For those who are thinking that wireless is finally competitive with cable and DSL, don't forget that while 4G appears much faster (because so few people are using it presently), it still comes with a 2GB monthly cap. So if you want to do something with your connection aside from watching one movie a month, 4G is not competitive with a landline connection.

4G Wireless for Rural America? Not Nearly Good Enough

The good folks at Public Knowledge have released a report (with a fun video, embedded below) appropriately titled, "4G + Data Caps = Magic Beans." These are the fraudulent version of magic beans - don't expect any beanstalks to data clouds.
The 4G offered by major wireless carriers (with the notable exception of Sprint) is a waste of money because it comes with strict data caps. These data caps actively discourage the types of activities that 4G enables. Activities that are made possible by 4G, such as watching movies or uploading video to the internet, are made impossible by the data caps. As a result most users will avoid taking advantage of these new services out of fear of incurring large overage fees.
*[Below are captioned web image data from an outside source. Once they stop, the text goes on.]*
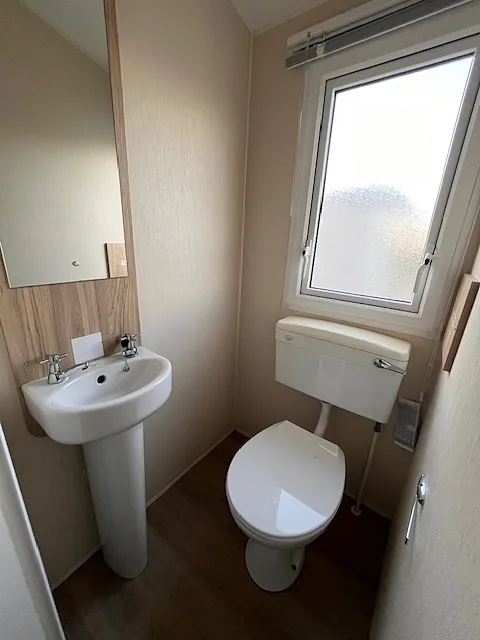 WILLERBY MISTRAL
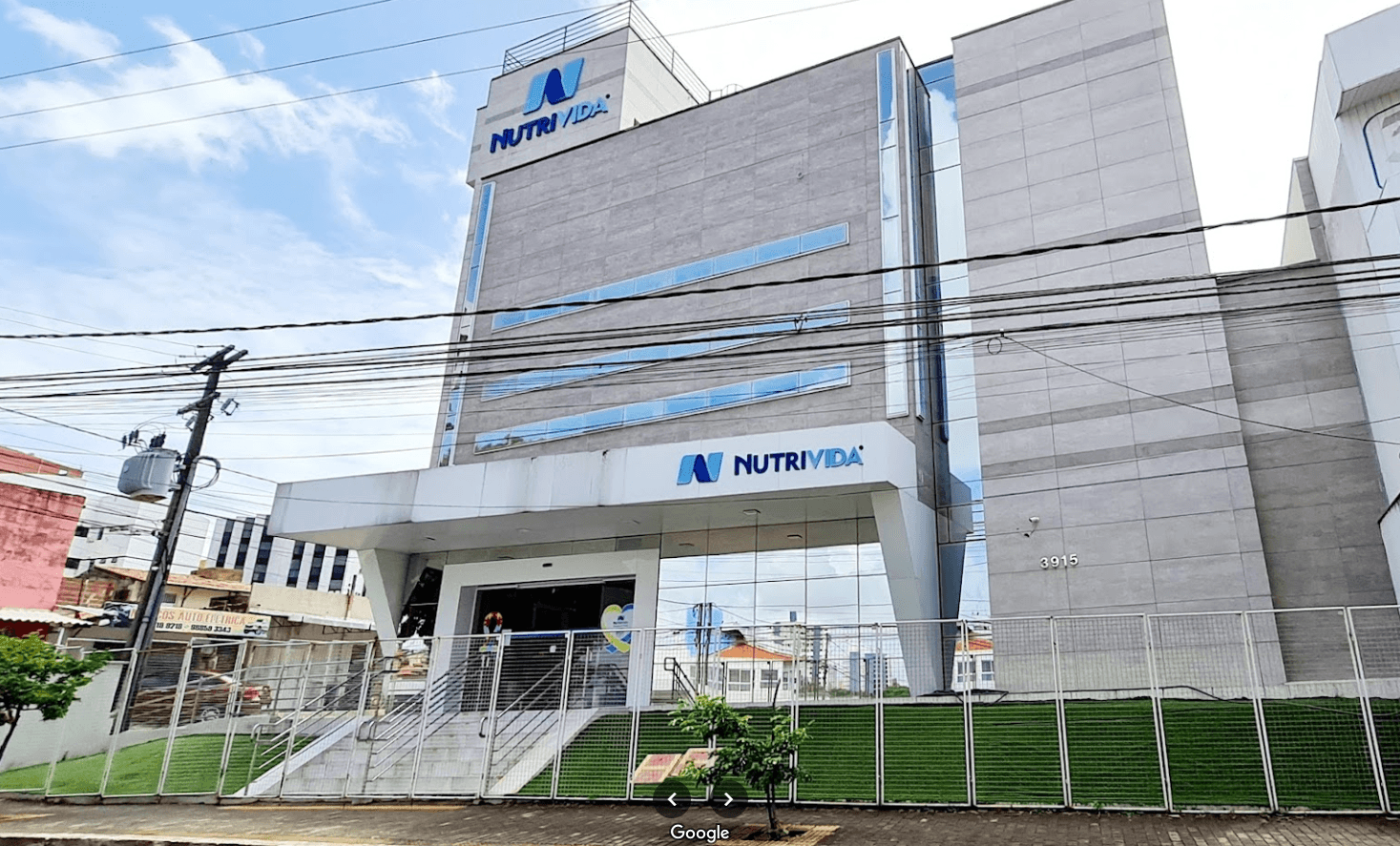 Nutrivida Home Care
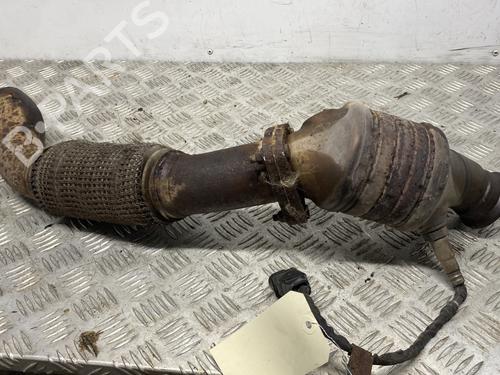 Catalyst FIAT DUCATO Van (250_) 150 Multijet 2,3 D | BP33444389M10 - Image 2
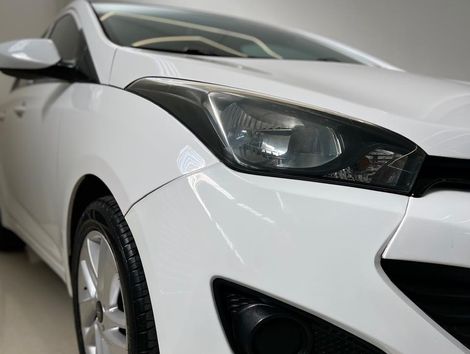 Hyundai HB20S C.Plus/C.Style1.0 Flex 12V Mec. 4P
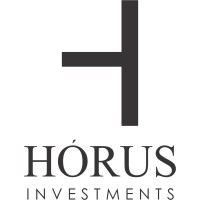 Hórus Investments logo, Hórus Investments contact details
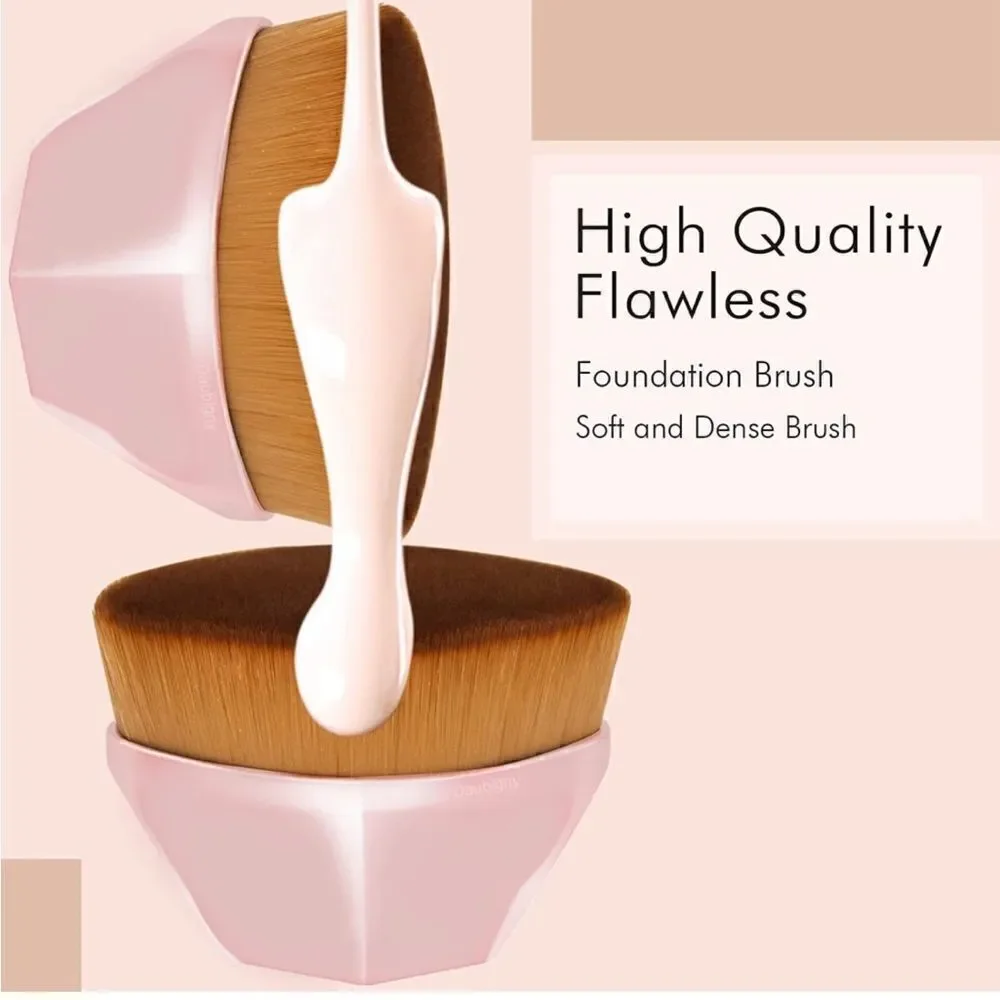 🛍 NEW KABUKI Foundation Brush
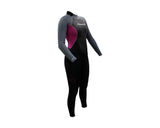 Ocean Pro Ladies Steamer Snorkelling Package - Frog Dive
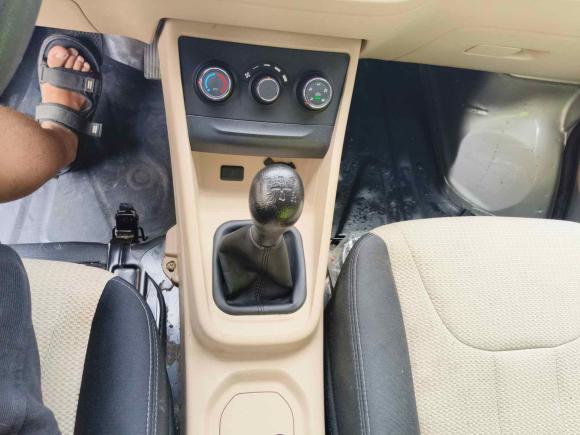 [成都·川A] 二手长安跨越跨越星V32022款 1.5L汽油标准型5座客车JL473QH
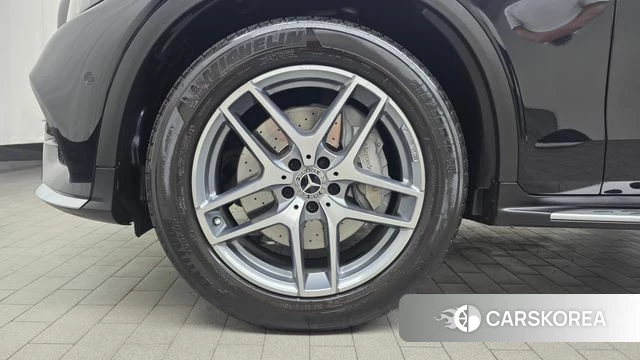 Mercedes-Benz GLC-Class X253 id 4325942 из Кореи 15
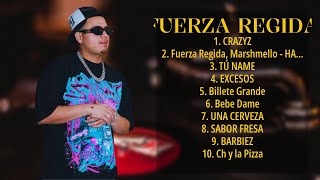 [Playlist] F__uerza R__egida- 🌿  Greatest Hits Of All Time 🌿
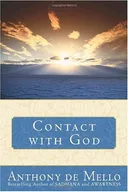 Contact with God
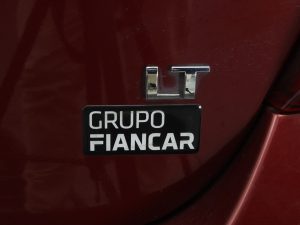 CHEVROLET ONIX LT 1.0 MT 2018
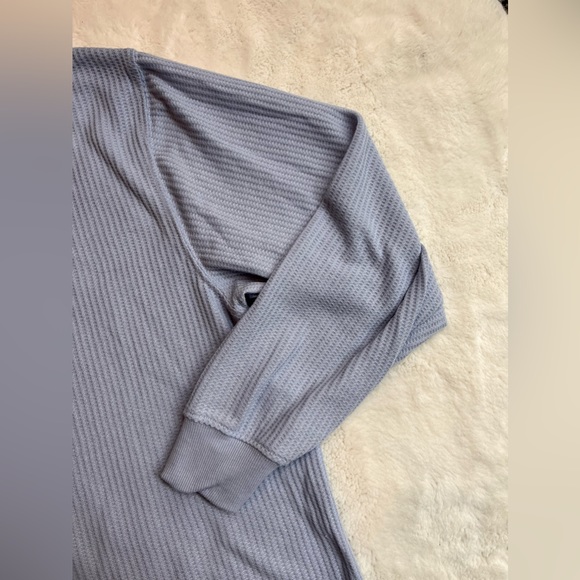 MODERN LUX Women’s Long Sleeve Shirt - Picture 6 of 6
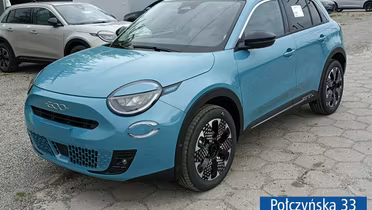 FIAT 600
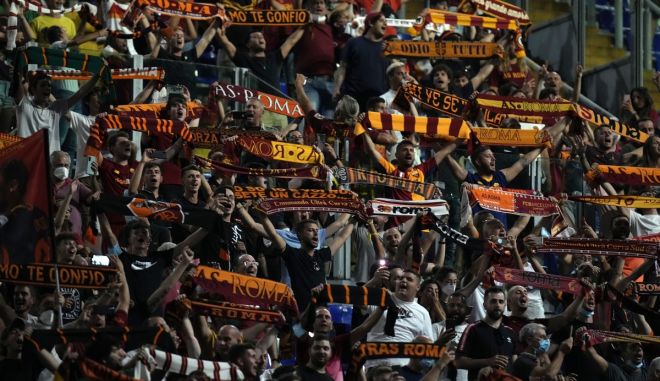 Ρόμα: 23χρονος έπαθε ανακοπή καρδιάς την ώρα του αγώνα με τη Σπέτσια, τον επανέφεραν με απινιδωτή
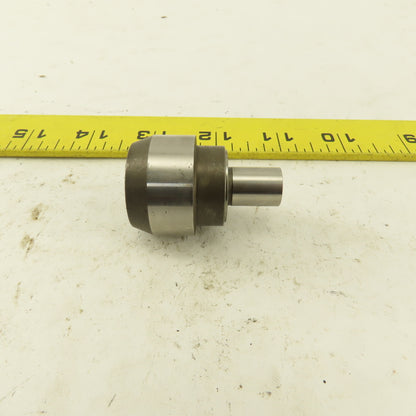 1-1/8" Cam Follower Track Roller 15/32" Stud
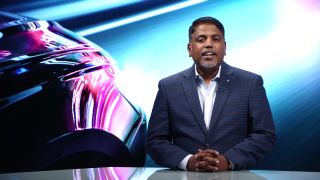 Webinar: The advantages of reverberation chambers for automotive EMC testing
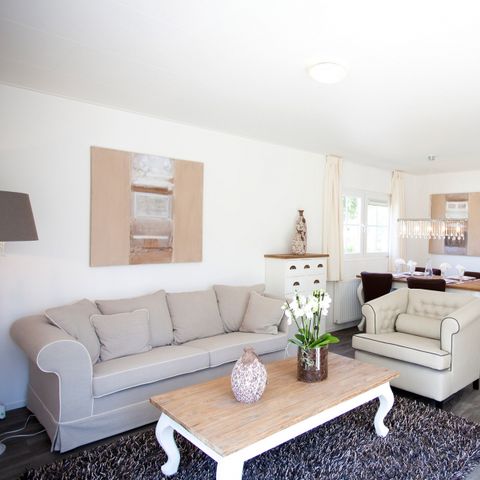 Chalet 6 persons - Exclusif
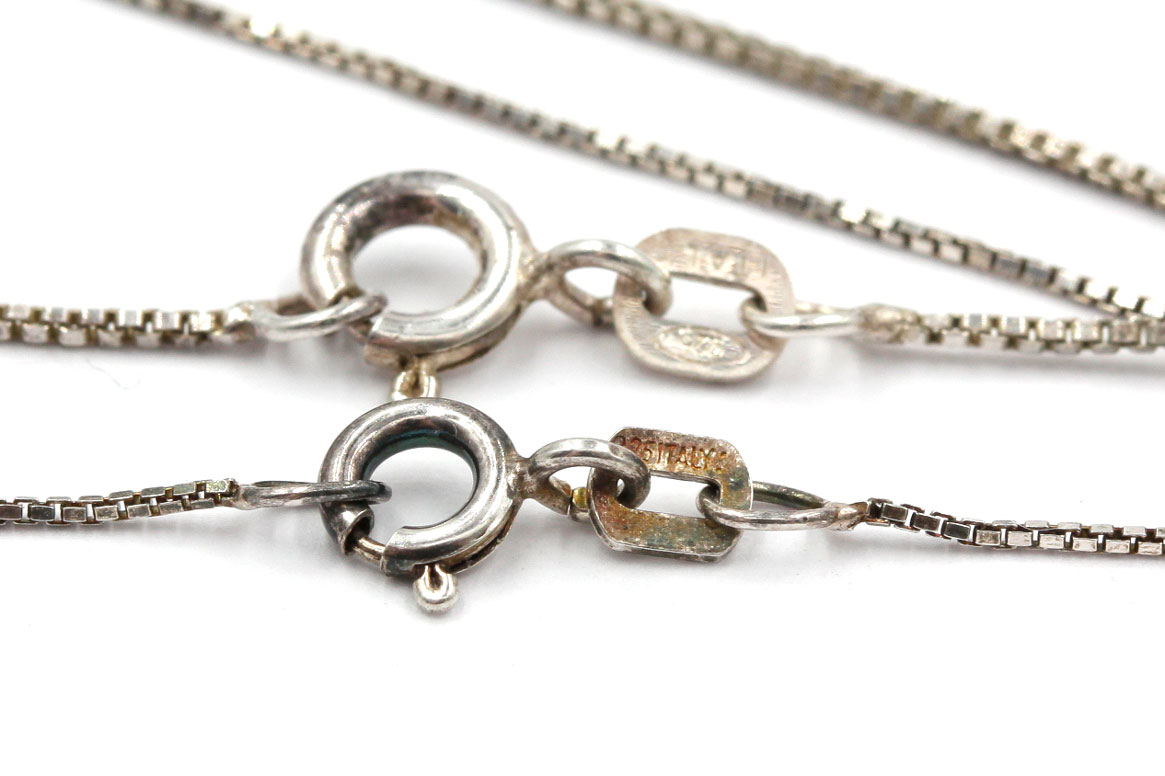 Sterling Silver Gemstone Jewelry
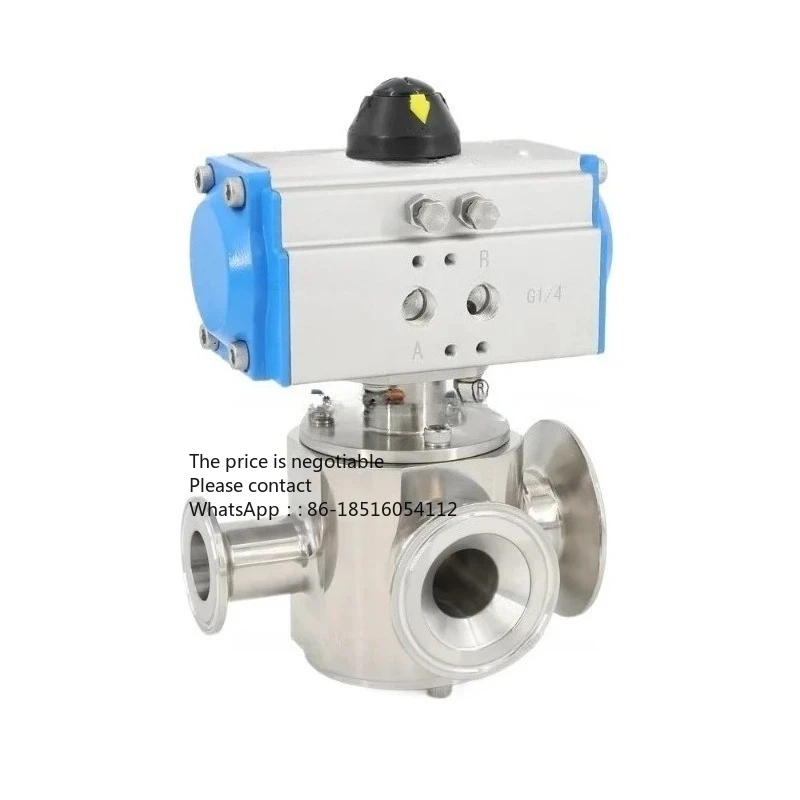 Stainless Steel Filling Machine Rotary Valve Actuator Paste Filling Head Spare Part 1set Price
Stainless Steel Filling Machine Rotary Valve Actuator Paste Filling Head Spare Part 1set Price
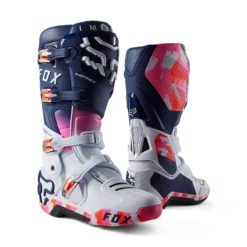 Fox Racing Instinct Ryvr LE Boots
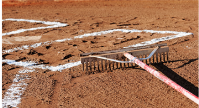 All League Field Cleanup - March 5th (& 12th) starting at 10:00am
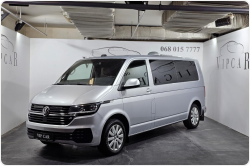 Volkswagen Transporter Long T6 дизель 2019 id-1008309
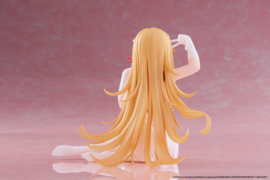 A Certain Scientific Railgun Desktop Cute PVC Figure Misaki Shokuho Chinese Dress Ver. 13 cm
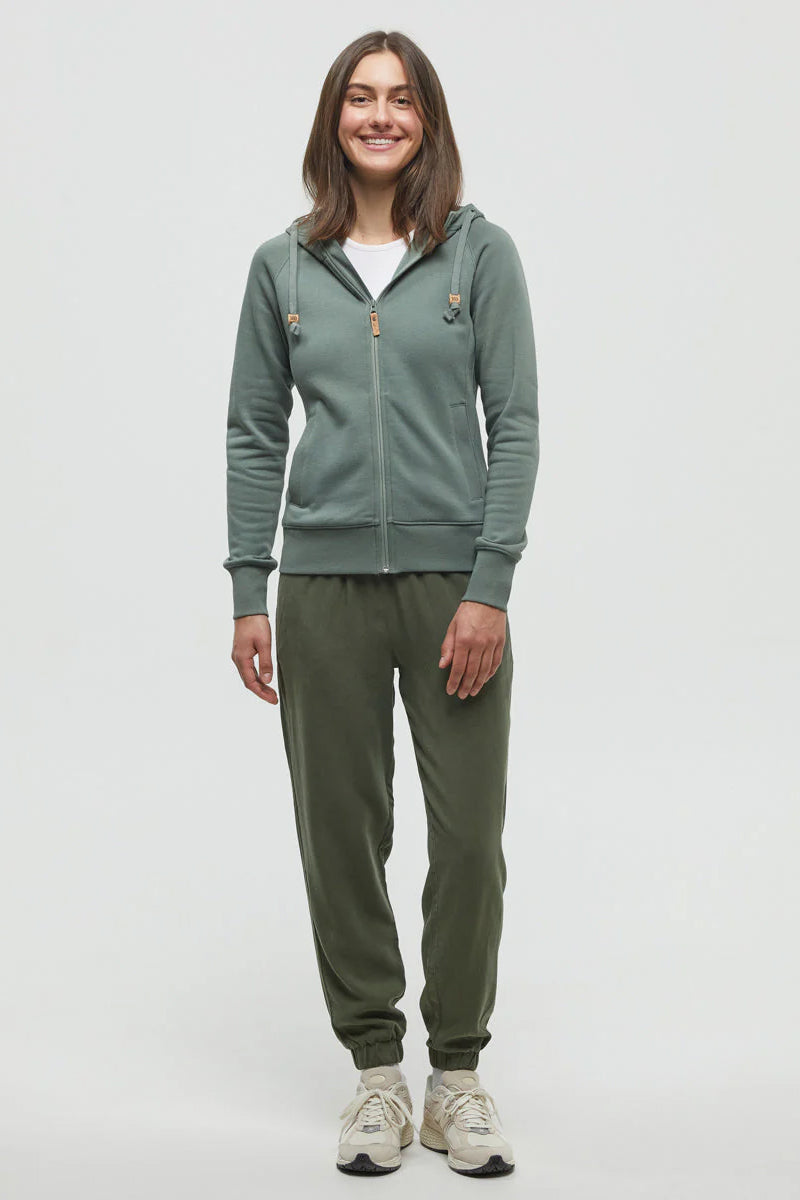 Elm Zip Hoodie - AGA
That makes capped 4G little more than a bait and switch, like being sold a handful of magic beans.
I have been disturbed by statements from a number of policymakers and elected officials suggesting they believe the future of connectivity in rural America is wireless, specifically 4G because it is better than the horrible DSL that is mostly the only "broadband" connection available in much of rural America. President Obama has suggested that investing in 4G wireless will spur economic development in northern Michigan. Not hardly. What are small businesses going to use the last 29 days of the month after they exceed their data caps? People in Wired West have told me that those in charge of broadband in Massachusetts have at times been dismissive of their project to bring affordable, fast, and reliable broadband to everyone in their towns because the state would prefer to pretend that cheaper wireless solutions will accomplish the same goal. 4G wireless is not the solution to connecting rural America. It could be an interim solution while we build real broadband out to those areas, but it is insufficient as a solution in and of itself due to the many very real limitations of the technology and the business model of those controlling the spectrum necessary to access to it.